> The input:
-=-=-

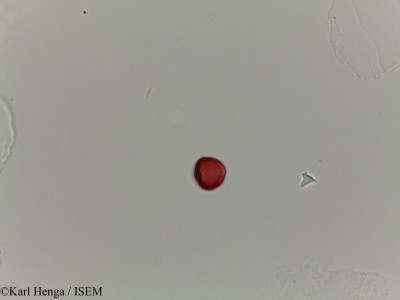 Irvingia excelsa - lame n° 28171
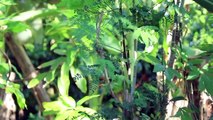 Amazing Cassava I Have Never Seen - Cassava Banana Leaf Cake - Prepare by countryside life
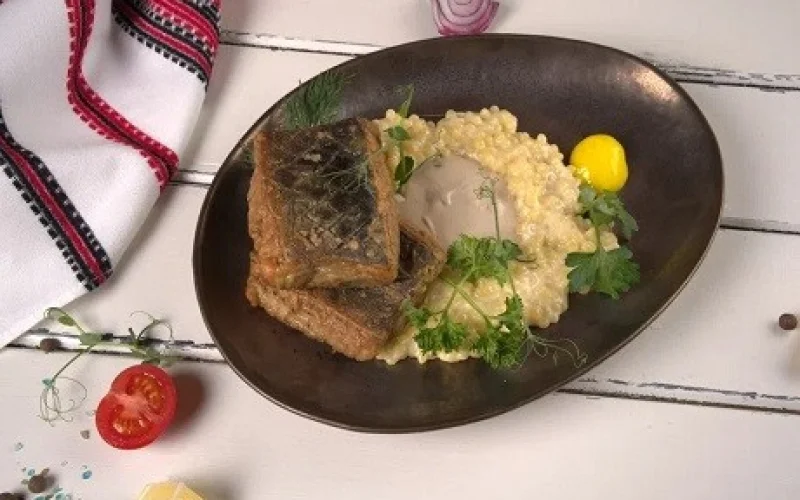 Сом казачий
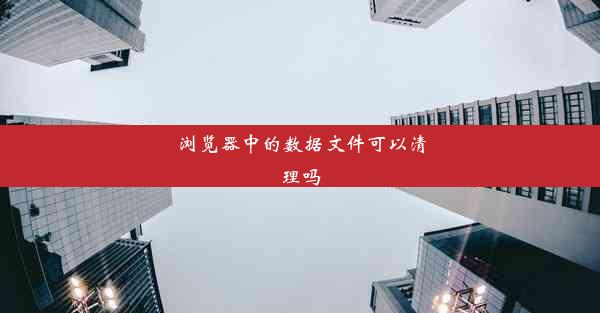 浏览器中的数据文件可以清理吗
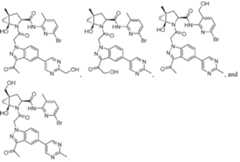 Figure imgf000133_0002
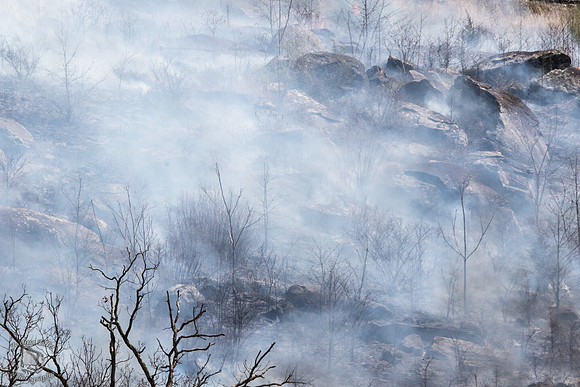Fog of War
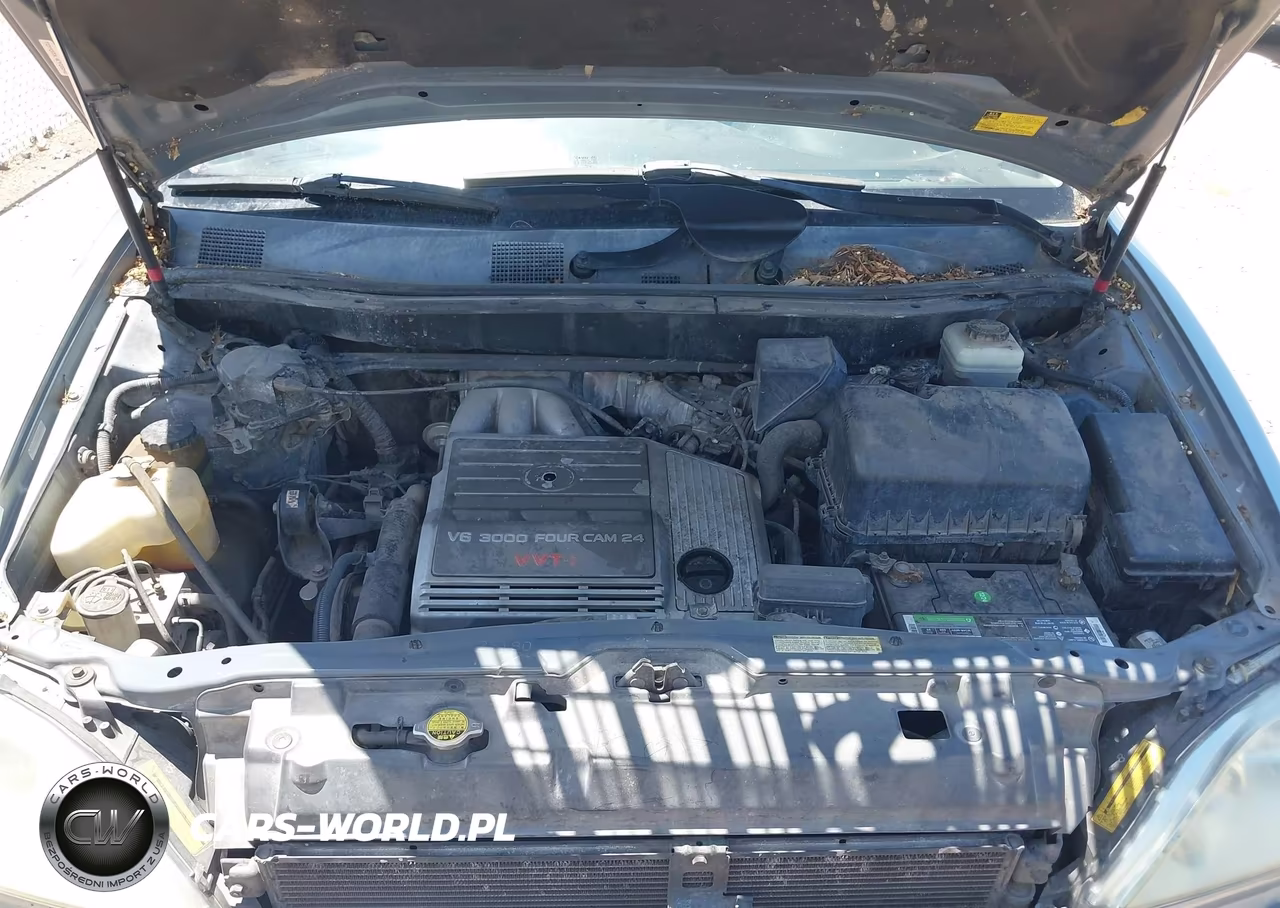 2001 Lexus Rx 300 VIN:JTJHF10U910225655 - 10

-=-=-

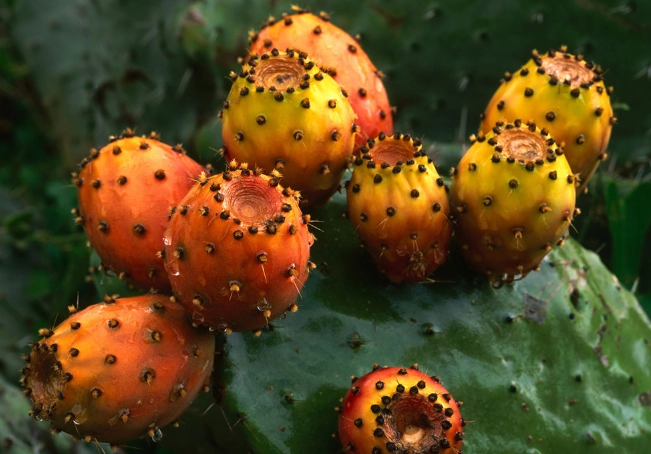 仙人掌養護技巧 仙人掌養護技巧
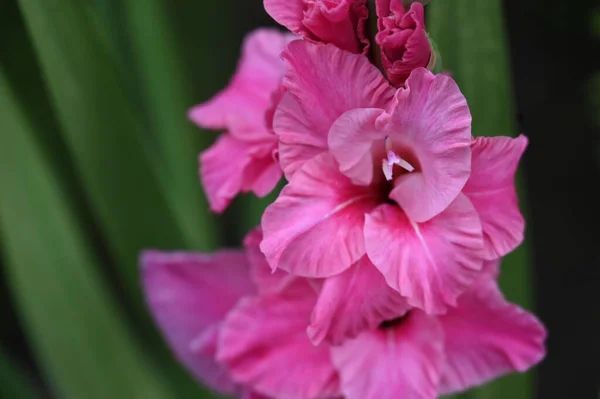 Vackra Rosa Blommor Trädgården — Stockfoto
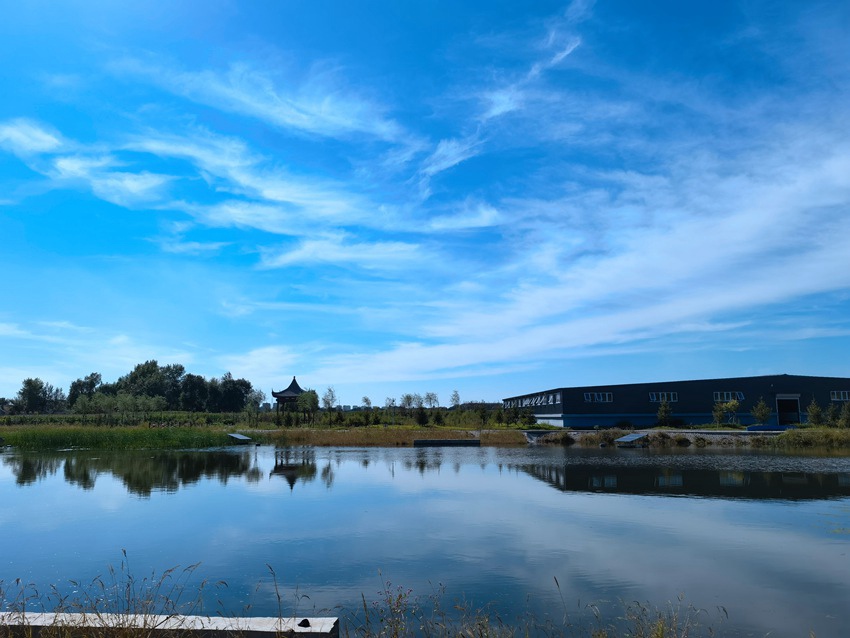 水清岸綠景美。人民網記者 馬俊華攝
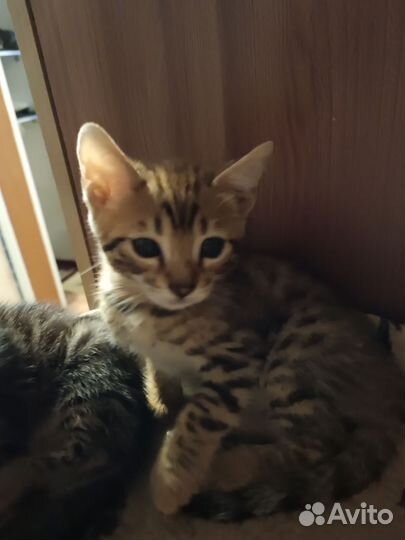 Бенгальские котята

-=-=-

> What the task asks:
Everything above from the line that has "Irvingia excelsa - lame n° 28171" down to the line that has "2001 Lexus Rx 300 VIN:JTJHF10U910225655 - 10" should be output exactly, with both of those lines included. Leave the pictures behind.

> Written solution:
 Irvingia excelsa - lame n° 28171
 Amazing Cassava I Have Never Seen - Cassava Banana Leaf Cake - Prepare by countryside life
 Сом казачий
 浏览器中的数据文件可以清理吗
 Figure imgf000133_0002
Fog of War
 2001 Lexus Rx 300 VIN:JTJHF10U910225655 - 10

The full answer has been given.